Cette aiguière fait partie d’une paire : dotées d’une anse anthropomorphe -une sirène, rappel de la finalité de l’objet- elles portent en relief sur la panse, départagée par un motif de cordelettes, l’une un médaillon avec la face d’un homme barbu, l’autre un scarabée, soulignés d’une guirlande.

 

Le goût de Delacroix pour les faïences émaillées

L’inventaire de l’appartement et de l’atelier de la rue de Furstenberg, établi à la mort de Delacroix, fait apparaître d’une pièce à l’autre un entassement assez impressionnant de pièces de mobilier et d’objets de toutes sortes où dominent les petits bronzes et les faïences décorées analogues à cette paire d’aiguières.

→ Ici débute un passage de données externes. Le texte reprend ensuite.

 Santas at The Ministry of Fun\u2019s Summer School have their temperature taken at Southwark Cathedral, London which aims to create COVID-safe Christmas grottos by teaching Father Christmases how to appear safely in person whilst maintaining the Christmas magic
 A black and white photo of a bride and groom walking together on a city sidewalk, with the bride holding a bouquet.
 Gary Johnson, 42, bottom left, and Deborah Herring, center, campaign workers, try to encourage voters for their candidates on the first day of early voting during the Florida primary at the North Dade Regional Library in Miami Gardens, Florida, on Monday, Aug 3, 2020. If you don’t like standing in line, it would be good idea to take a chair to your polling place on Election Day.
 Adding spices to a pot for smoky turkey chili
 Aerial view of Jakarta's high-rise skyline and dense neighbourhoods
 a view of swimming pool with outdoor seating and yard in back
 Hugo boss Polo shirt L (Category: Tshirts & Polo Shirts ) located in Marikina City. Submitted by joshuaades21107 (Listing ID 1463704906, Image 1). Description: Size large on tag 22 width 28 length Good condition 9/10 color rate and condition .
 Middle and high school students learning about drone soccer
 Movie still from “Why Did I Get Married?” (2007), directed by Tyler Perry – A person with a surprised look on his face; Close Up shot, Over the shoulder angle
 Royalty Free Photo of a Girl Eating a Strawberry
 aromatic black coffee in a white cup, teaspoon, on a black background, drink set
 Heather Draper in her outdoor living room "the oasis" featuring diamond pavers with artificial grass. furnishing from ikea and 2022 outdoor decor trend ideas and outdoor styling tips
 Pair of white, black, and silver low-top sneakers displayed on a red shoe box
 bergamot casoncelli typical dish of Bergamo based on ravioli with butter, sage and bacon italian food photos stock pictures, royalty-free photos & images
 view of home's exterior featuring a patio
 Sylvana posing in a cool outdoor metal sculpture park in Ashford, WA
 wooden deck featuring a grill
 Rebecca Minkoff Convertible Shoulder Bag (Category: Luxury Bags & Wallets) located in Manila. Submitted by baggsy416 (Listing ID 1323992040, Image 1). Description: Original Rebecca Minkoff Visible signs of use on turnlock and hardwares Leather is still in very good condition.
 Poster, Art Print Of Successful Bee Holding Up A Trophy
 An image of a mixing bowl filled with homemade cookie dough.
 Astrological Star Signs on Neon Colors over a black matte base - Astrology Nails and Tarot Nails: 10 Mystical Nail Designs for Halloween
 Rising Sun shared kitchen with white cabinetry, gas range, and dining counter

Inspirés des techniques et du répertoire décoratif de la Renaissance, de tels objets ont été fort prisés au XIXème siècle, surtout à partir de la redécouverte de l’œuvre du céramiste Bernard Palissy, mais leur fabrication n’est pas parvenue à égaler la qualité de son émail ni la finesse de ses productions. A l’évidence, Delacroix a aimé les presse-papiers figurant des grenouilles ou des serpents, les vases aux panses ornées de mascarons, les coupes en forme de poisson (l’une d’entre elles est au musée) et même les crocodiles en faïence !

Dans son testament, Delacroix a légué à Mme Marie-Elisabeth Boulanger-Cavé, une amie de longue date à qui il vouait, au moins au début de leur rencontre, de tendres sentiments, "deux vases en faïence, avec des cordes pour ornements".

Documentation

Henriette Bessis, "Etudes et documents : l’inventaire après décès d’Eugène Delacroix" in Bulletin de la Société de l’Histoire de l’Art français, 1969, n°156, p.206.

Maurice Sérullaz, Delacroix, Paris, 1989, pp. 454, 457.